Tylko w IV kwartale 2021 r. na rynku VC znalazło się ponad 300 mld dol. To jakieś dwa razy więcej niż w poprzednim rekordowym roku, którym był... 2020. Dla pełniejszego obrazu sytuacji dodajmy, że w ciągu czterech lat startupy pozyskały łącznie 750 mld dol.

Zawrotna liczba. Choć dla uczciwości dodajmy, że dobrze ponad połowa z tych pieniędzy trafiła do dojrzałych startupów w ramach tzw. mega rund. Co oznacza ni mniej nie więcej, że duzi dostali dużo.

Kasa trafiła na rozwój takich gigantów jak Revolut czy Klarna

Od razu zaznaczę, że żadnej z tych marek nie miałem na myśli pisząc o ściemnianiu. Wśród startupowej wierchuszki ostają się głównie projekty, które mają ręce i nogi, a jednorożce na glinianych nogach w rodzaju Ubera czy WeWork to wyjątki potwierdzające regułę.

Oddzielną historię piszą jednak przedsiębiorcy próbujący od zera zbudować innowacyjne i dobrze prosperujące spółki. Tu pokusa, by po prostu nakłamać inwestorowi w żywe oczy, wziąć przelew i bujać się za cudze pieniądze przez długie miesiące, okazuje się czasami zbyt silna. Tego typu historii jest na kopy, sam słyszałem od jednego z polskich inwestorów, że ci sami startupowcy potrafią przychodzić do niego kilkukrotnie zmieniając tylko szyld. Ciągle z nowymi pomysłami i wykresami, na których niebotyczne zyski pojawiają się dosłownie tuż po zainwestowaniu pieniędzy w interes.

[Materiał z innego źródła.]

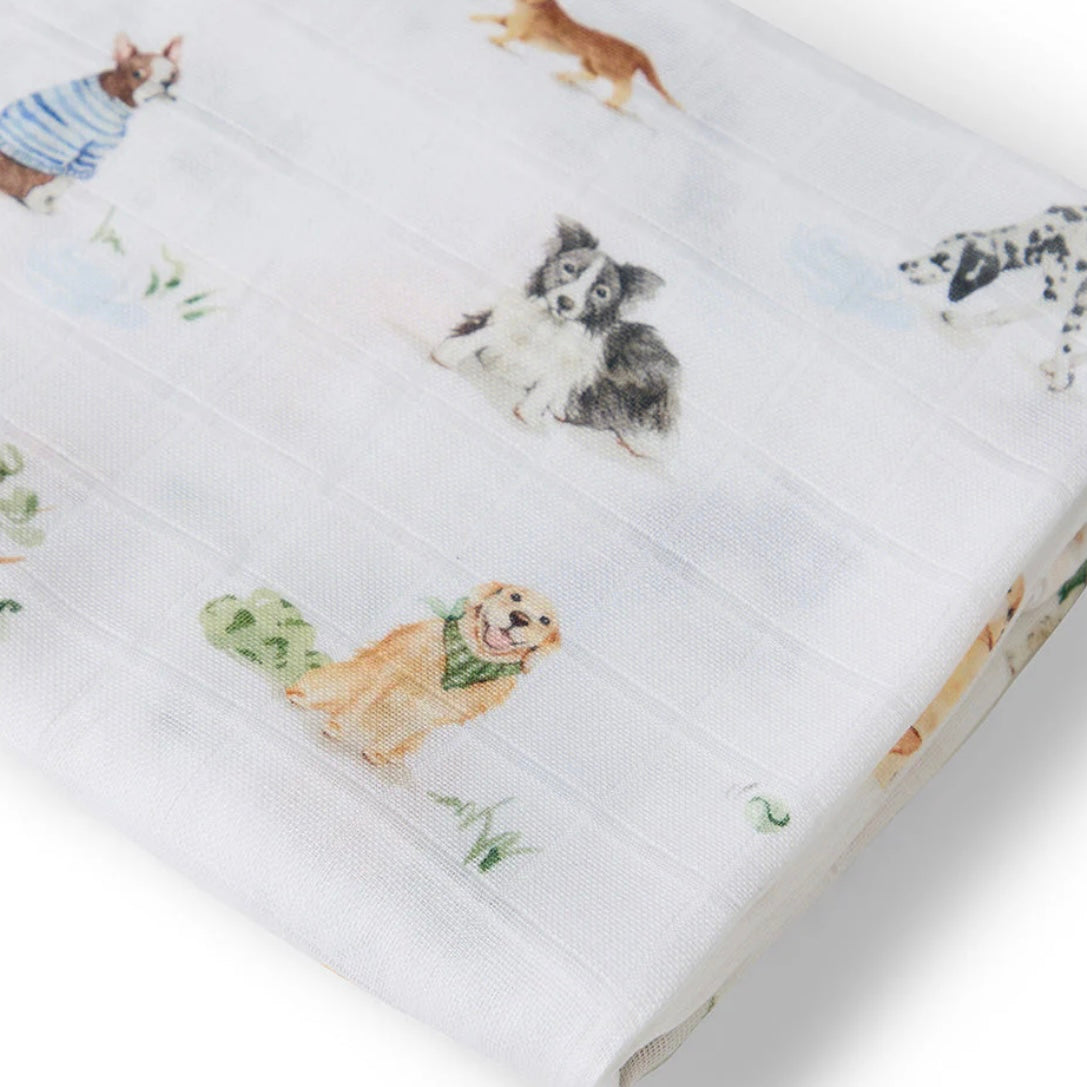 Snuggle Hunny / Muslin Wrap - Dog Park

Kilka fajnych, świeżych przykładów, choć z singapurskiego rynku, zebrała autorka tekstu, który można znaleźć w tym miejscu. Warto poczytać. Ja dowiedziałem się na przykład, że w tym niewielkim państewku w półtora roku przybyło aż 100 tys. firm i - uwaga - 11 jednorożców.

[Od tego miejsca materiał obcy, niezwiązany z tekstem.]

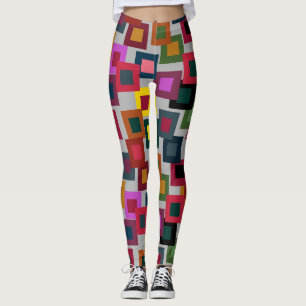 Donkere vierkantjes op licht leggings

Okazuje się jednak, że liczba pomysłów na dobre biznesy nie jest nieskończona, a część rodaków autorki tekstu zwyczajnie leci w kulki. Tworzą aplikacje nie odbiegające wyglądem od slajdów z Power Pointa, próbują grywalizować maszyny vendingowe (funkcja, jaką jest wypluwanie coca-coli już nie wystarczy?), starają się sprzedać "dedykowaną platformę płatności mobilnych do zwiększania wydatków". Tak, puentuje autorka, to brzmi jak nowa nazwa na kartę debetową.

Ale, ale...fundusze inwestycyjne wcale nie są lepsze

Zachłyśnięte rządzą zysku też nie zachowują się zbyt racjonalnie. Jeden z takich kolosów - japoński SoftBank - zanotował w tym roku KWARTALNĄ stratę w wysokości bagatela ponad 23 mld dol.

Takie tam, bywa. Pan Masayoshi Son posypał głowę popiołem, stwierdził, że jego zespół brał duże zamachy, które zamiast w piłkę trafiały w próżnię. A, dodał też, że w przyszłości warto dać głos ekspertom, bo, jak widać, jego intuicja nie zawsze podpowiada słuszne rozwiązania.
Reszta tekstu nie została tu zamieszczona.